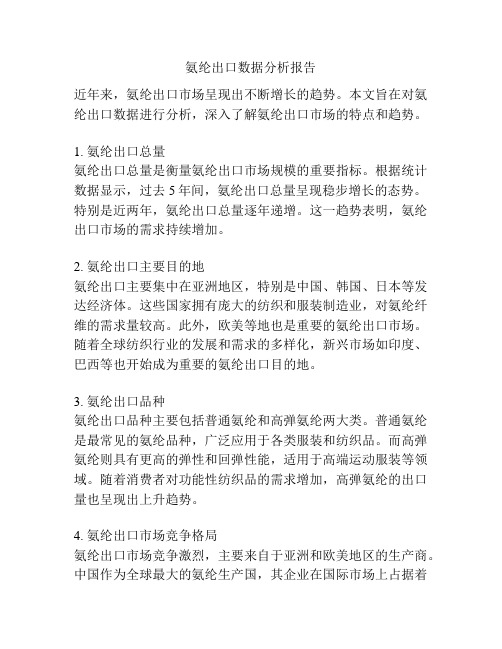 氨纶出口数据分析报告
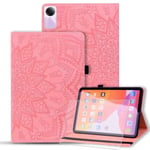 Coque + Verre trempé - Xiaomi - Redmi Pad SE - Cuir PU - Fleur de mandala - Rose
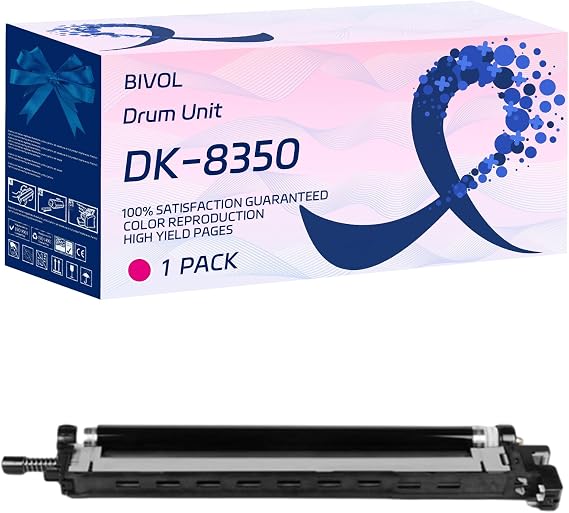 BIVOL DK-8350 Drum Unit Compatible for Kyocera TASKalfa 2553ci 2552ci 3252ci 3253ci Printers, with Chip, High Yield 25000 Pages, Vivid Colors Black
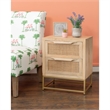 Pemberly Row 2-Drawer Transitional Wood/Metal Side Table in Natural/Gold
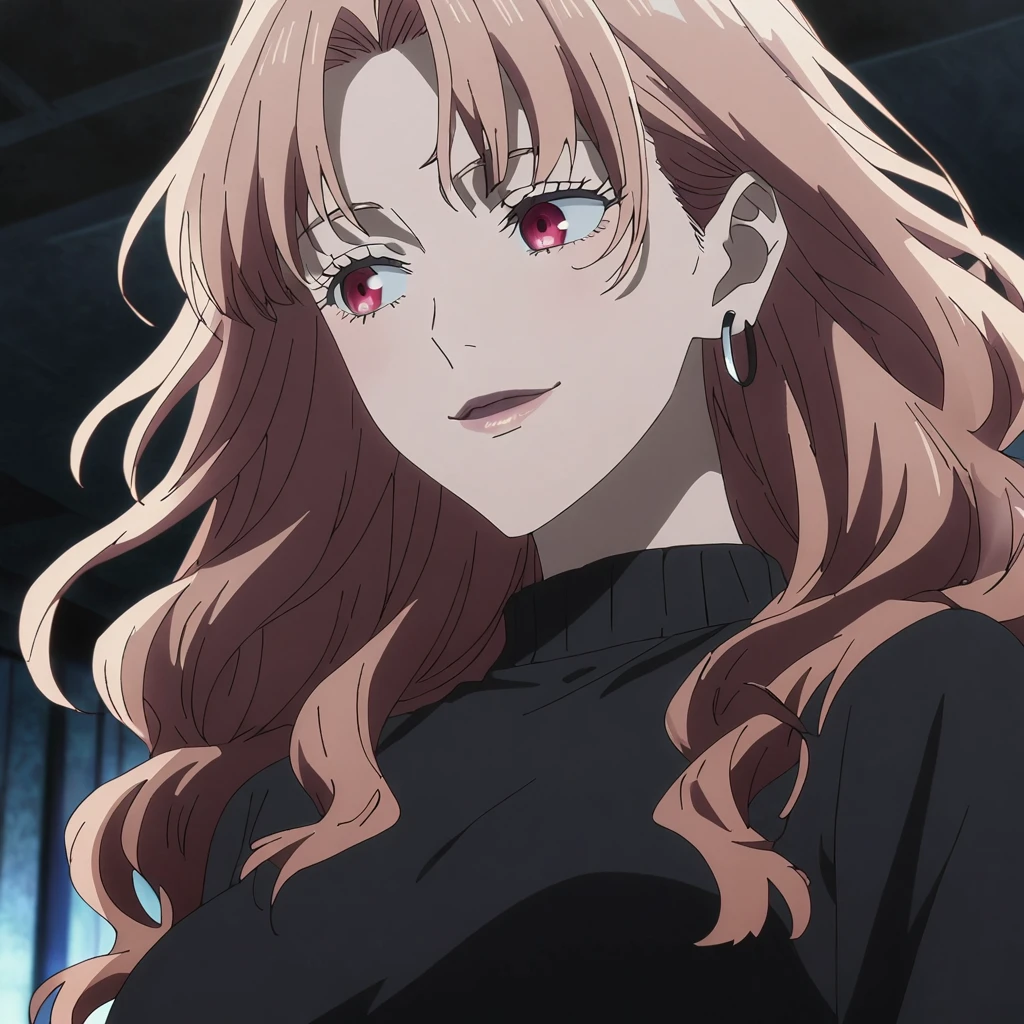 1girl, female gojo satoru, anime screencap from jujutsu kaisen, gojo satoru female version, solo, long_hair, blue eyes ((Brown_hair, wavy hair)), night view, (hanging breasts) upper_body, smile, indoors, Red_eyes, lips, (slight wavy hair) (wearing round sunglasses) ((wearing black sweater outfit)) breast, "very detailed and high resolution" (Red eyes) ((shoulder length wavy hair)) ((solo)) (front view) (earings) ((high resolution)) ((good quality)) ((bangs))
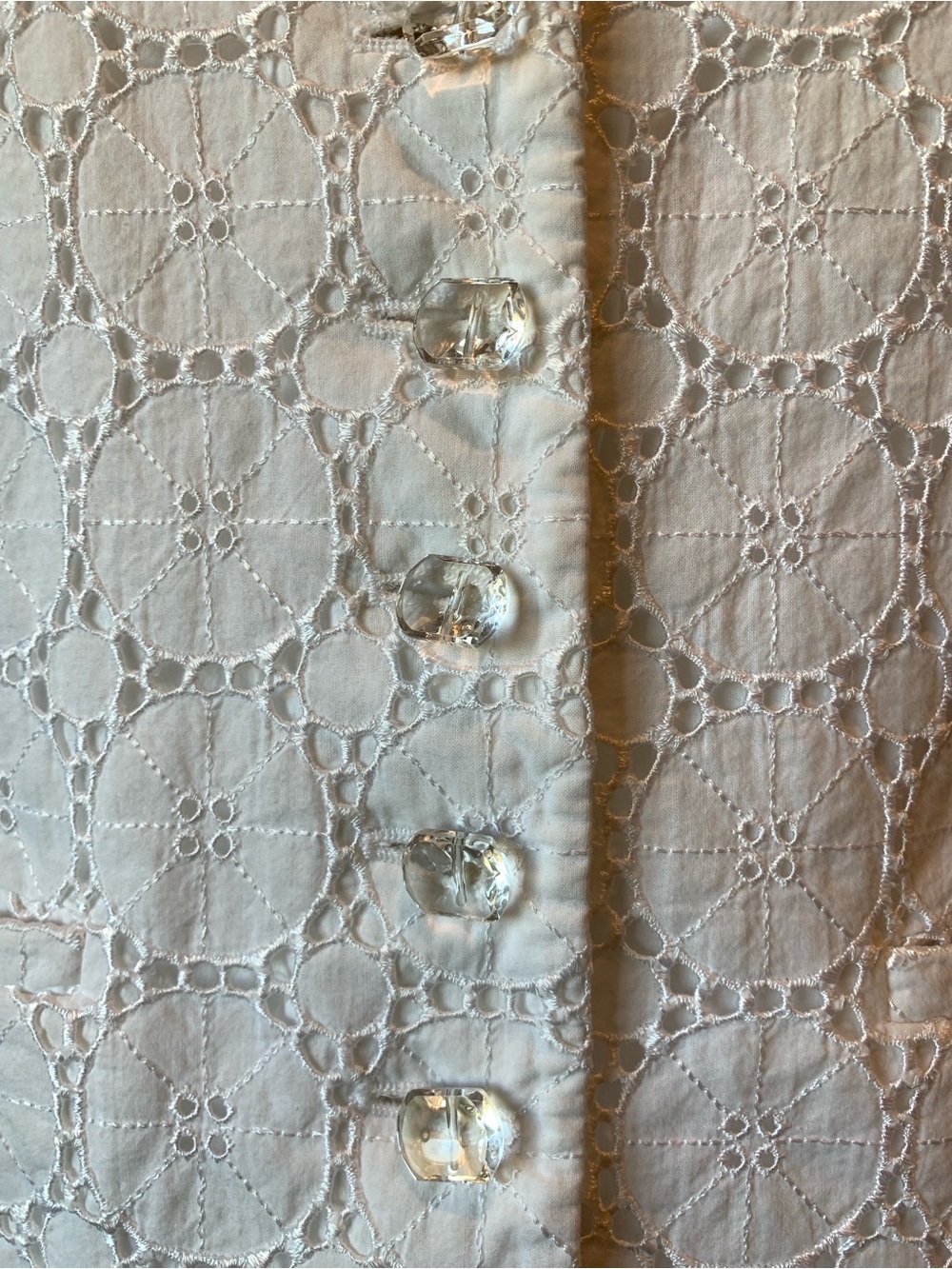 Talbots White Eyelet Button-Front Jacket - Picture 6 of 11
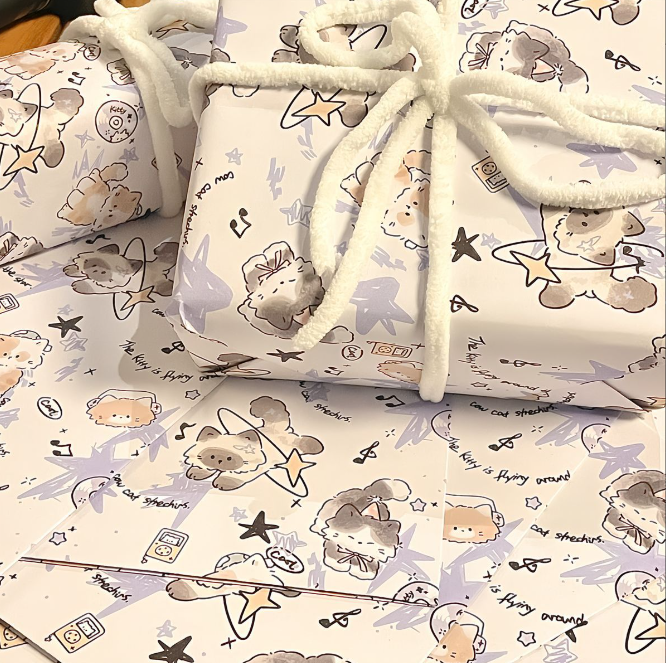 [ Set 10 Gói ] Giấy Gói Quà Cute 50 x 70 cm ( 1 Gói 6 Tờ ) - 921239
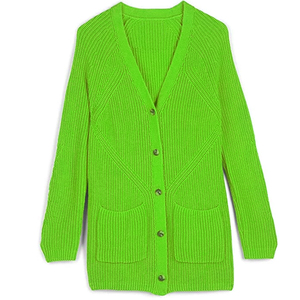 Suéter de Lana/Acrílico para Mujer TITLISTS, Cárdigan Extra Grande de Punto, Apliques de Hermandades, Botones, Antiencogimiento, para Primavera, Universidad - Product Image 2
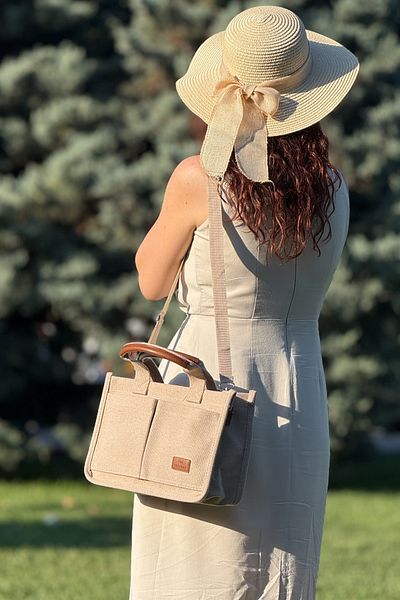 Store Geantă de mână și de umăr din pânză din țesătură naturală pentru femei - Mini geantă de tote potrivită pentru utilizare zilnică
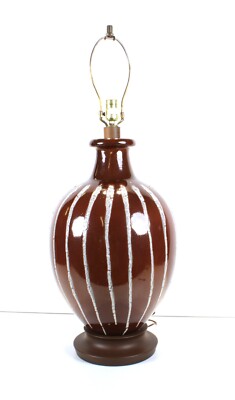 Mid Century Brown bulbous Ceramic Drip Glaze Table Accent lamp-image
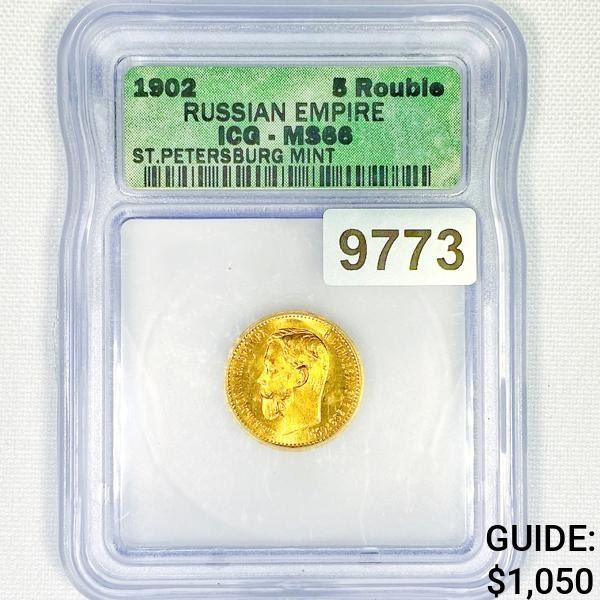 1902 Gold Russian 5 Rouble ICG-MS66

Exercise directions:
Would you restate, word for word and with no pictures, only the lines from the opening of the material through the line with "1girl, female gojo", both included?

Solution below:
 氨纶出口数据分析报告
 Coque + Verre trempé - Xiaomi - Redmi Pad SE - Cuir PU - Fleur de mandala - Rose
 BIVOL DK-8350 Drum Unit Compatible for Kyocera TASKalfa 2553ci 2552ci 3252ci 3253ci Printers, with Chip, High Yield 25000 Pages, Vivid Colors Black
 Pemberly Row 2-Drawer Transitional Wood/Metal Side Table in Natural/Gold
 1girl, female gojo satoru, anime screencap from jujutsu kaisen, gojo satoru female version, solo, long_hair, blue eyes ((Brown_hair, wavy hair)), night view, (hanging breasts) upper_body, smile, indoors, Red_eyes, lips, (slight wavy hair) (wearing round sunglasses) ((wearing black sweater outfit)) breast, "very detailed and high resolution" (Red eyes) ((shoulder length wavy hair)) ((solo)) (front view) (earings) ((high resolution)) ((good quality)) ((bangs))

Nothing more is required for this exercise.